Up to and including the line with "Pre-owned Balenciaga 2020", restate the records below word for word, beginning with their first line.

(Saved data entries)
---
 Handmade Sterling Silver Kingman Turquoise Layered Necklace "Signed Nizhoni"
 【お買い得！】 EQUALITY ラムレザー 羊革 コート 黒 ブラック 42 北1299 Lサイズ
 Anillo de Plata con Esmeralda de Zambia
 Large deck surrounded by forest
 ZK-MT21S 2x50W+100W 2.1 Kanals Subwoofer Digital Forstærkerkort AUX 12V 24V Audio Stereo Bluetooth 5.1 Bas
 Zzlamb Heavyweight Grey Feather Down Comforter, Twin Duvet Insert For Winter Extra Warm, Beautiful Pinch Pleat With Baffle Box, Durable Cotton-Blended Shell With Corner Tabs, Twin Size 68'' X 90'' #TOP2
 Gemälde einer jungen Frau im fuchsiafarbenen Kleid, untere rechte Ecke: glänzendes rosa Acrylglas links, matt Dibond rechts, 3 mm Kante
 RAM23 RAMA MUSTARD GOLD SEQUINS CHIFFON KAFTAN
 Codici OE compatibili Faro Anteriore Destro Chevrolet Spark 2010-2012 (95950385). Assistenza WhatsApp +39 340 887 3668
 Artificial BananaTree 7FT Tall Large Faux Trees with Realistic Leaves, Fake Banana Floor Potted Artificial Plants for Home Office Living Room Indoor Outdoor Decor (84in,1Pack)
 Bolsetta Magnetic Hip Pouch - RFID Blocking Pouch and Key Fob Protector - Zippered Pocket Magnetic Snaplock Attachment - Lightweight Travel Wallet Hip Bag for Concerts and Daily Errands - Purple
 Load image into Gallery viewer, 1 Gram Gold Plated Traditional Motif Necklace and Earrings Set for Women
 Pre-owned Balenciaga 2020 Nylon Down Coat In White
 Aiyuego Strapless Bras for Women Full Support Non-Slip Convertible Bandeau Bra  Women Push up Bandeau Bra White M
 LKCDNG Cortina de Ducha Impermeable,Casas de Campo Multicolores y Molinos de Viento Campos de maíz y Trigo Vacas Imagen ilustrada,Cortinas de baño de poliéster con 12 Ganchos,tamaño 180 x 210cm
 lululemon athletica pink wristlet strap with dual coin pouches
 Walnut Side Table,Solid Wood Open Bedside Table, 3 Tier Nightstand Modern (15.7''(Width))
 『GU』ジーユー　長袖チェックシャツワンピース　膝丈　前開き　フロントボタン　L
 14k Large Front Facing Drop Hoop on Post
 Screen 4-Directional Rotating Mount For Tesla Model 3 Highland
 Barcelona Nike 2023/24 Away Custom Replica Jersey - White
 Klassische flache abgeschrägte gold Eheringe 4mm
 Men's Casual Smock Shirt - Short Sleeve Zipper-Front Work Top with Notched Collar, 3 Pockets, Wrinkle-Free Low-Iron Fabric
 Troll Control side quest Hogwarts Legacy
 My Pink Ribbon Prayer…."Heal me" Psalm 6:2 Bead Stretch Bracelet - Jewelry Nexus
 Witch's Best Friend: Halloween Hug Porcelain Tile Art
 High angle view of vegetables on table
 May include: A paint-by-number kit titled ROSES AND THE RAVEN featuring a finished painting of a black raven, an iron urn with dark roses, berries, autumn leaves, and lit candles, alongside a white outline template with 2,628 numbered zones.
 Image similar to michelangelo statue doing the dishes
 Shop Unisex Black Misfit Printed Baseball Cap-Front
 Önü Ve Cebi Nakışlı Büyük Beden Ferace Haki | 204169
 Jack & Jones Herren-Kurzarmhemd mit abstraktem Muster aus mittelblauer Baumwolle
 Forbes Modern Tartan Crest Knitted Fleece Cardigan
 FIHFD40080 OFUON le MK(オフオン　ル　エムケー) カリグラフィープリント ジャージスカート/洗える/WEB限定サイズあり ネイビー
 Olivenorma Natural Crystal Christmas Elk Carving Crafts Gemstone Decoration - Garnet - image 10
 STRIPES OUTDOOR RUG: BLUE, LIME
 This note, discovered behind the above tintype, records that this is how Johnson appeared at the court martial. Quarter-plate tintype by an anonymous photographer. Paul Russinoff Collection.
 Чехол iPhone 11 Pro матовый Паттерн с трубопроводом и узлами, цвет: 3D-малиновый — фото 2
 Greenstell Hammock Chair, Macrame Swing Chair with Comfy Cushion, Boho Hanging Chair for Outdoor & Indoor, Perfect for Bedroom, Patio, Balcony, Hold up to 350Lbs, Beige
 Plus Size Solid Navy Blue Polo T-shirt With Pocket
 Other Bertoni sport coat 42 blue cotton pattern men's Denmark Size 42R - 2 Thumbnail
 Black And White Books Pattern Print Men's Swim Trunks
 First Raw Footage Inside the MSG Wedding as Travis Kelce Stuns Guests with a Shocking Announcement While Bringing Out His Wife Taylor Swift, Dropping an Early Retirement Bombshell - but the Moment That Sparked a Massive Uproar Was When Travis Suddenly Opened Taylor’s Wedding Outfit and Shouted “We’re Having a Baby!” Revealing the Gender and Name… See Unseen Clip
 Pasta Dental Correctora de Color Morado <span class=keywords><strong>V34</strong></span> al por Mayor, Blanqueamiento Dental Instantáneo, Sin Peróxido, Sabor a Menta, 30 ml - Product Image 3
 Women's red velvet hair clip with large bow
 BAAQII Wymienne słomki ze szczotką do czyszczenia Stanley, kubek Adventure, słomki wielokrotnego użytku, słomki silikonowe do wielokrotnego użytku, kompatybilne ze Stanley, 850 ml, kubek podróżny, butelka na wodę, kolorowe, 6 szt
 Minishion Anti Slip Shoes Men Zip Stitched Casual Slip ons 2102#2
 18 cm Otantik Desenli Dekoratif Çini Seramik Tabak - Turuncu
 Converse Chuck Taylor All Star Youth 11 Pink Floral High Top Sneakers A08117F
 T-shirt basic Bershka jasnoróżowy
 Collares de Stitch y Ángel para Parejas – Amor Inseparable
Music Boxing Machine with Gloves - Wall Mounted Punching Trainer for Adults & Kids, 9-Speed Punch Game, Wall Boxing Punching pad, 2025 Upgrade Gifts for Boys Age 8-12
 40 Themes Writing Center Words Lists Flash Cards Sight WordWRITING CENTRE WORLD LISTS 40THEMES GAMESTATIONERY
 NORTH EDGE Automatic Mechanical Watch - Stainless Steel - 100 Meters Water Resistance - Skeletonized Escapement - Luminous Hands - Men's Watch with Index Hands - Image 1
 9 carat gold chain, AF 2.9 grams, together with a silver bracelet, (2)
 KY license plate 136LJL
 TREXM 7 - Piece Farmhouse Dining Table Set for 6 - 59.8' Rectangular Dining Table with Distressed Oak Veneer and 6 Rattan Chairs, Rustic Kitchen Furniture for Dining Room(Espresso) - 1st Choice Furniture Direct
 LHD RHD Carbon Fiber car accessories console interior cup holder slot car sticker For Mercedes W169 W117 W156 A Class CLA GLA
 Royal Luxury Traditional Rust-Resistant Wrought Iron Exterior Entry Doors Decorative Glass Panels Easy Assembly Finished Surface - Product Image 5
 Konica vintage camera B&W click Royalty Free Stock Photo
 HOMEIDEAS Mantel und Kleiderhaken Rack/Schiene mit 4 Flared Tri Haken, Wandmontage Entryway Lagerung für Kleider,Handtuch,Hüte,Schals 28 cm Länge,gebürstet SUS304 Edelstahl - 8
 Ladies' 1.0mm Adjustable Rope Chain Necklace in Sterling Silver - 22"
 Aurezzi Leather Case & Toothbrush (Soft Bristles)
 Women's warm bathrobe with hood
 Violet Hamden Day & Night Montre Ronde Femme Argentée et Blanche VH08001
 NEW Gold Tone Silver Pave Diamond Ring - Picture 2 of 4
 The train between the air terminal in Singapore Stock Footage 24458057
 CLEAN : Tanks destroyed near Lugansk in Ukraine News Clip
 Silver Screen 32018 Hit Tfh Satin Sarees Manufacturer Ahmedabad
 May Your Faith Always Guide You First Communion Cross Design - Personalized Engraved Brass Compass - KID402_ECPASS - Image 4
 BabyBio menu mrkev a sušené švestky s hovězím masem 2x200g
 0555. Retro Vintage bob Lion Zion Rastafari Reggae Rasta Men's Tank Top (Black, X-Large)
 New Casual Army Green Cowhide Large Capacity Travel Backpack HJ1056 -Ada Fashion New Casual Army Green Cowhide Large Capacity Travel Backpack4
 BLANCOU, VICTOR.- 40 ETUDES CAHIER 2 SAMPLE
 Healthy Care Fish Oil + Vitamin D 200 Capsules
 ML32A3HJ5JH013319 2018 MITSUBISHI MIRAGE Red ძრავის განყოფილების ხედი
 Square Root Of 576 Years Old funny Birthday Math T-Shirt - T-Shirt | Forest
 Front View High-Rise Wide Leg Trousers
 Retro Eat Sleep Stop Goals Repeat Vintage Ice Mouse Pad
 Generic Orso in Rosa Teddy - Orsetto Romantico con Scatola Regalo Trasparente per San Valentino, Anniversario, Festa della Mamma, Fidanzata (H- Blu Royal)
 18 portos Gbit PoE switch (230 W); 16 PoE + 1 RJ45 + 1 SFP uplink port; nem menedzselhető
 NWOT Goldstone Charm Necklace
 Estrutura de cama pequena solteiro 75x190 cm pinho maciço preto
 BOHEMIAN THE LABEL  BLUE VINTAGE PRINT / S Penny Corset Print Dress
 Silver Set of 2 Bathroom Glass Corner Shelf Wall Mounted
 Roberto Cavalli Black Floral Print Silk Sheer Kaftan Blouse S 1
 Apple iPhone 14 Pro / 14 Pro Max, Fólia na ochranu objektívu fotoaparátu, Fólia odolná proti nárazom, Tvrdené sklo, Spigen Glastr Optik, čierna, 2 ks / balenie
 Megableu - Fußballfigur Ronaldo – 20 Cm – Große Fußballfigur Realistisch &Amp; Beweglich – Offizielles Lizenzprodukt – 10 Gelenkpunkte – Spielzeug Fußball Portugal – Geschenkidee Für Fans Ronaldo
---
■ SOLUTION ■
 Handmade Sterling Silver Kingman Turquoise Layered Necklace "Signed Nizhoni"
 【お買い得！】 EQUALITY ラムレザー 羊革 コート 黒 ブラック 42 北1299 Lサイズ
 Anillo de Plata con Esmeralda de Zambia
 Large deck surrounded by forest
 ZK-MT21S 2x50W+100W 2.1 Kanals Subwoofer Digital Forstærkerkort AUX 12V 24V Audio Stereo Bluetooth 5.1 Bas
 Zzlamb Heavyweight Grey Feather Down Comforter, Twin Duvet Insert For Winter Extra Warm, Beautiful Pinch Pleat With Baffle Box, Durable Cotton-Blended Shell With Corner Tabs, Twin Size 68'' X 90'' #TOP2
 Gemälde einer jungen Frau im fuchsiafarbenen Kleid, untere rechte Ecke: glänzendes rosa Acrylglas links, matt Dibond rechts, 3 mm Kante
 RAM23 RAMA MUSTARD GOLD SEQUINS CHIFFON KAFTAN
 Codici OE compatibili Faro Anteriore Destro Chevrolet Spark 2010-2012 (95950385). Assistenza WhatsApp +39 340 887 3668
 Artificial BananaTree 7FT Tall Large Faux Trees with Realistic Leaves, Fake Banana Floor Potted Artificial Plants for Home Office Living Room Indoor Outdoor Decor (84in,1Pack)
 Bolsetta Magnetic Hip Pouch - RFID Blocking Pouch and Key Fob Protector - Zippered Pocket Magnetic Snaplock Attachment - Lightweight Travel Wallet Hip Bag for Concerts and Daily Errands - Purple
 Load image into Gallery viewer, 1 Gram Gold Plated Traditional Motif Necklace and Earrings Set for Women
 Pre-owned Balenciaga 2020 Nylon Down Coat In White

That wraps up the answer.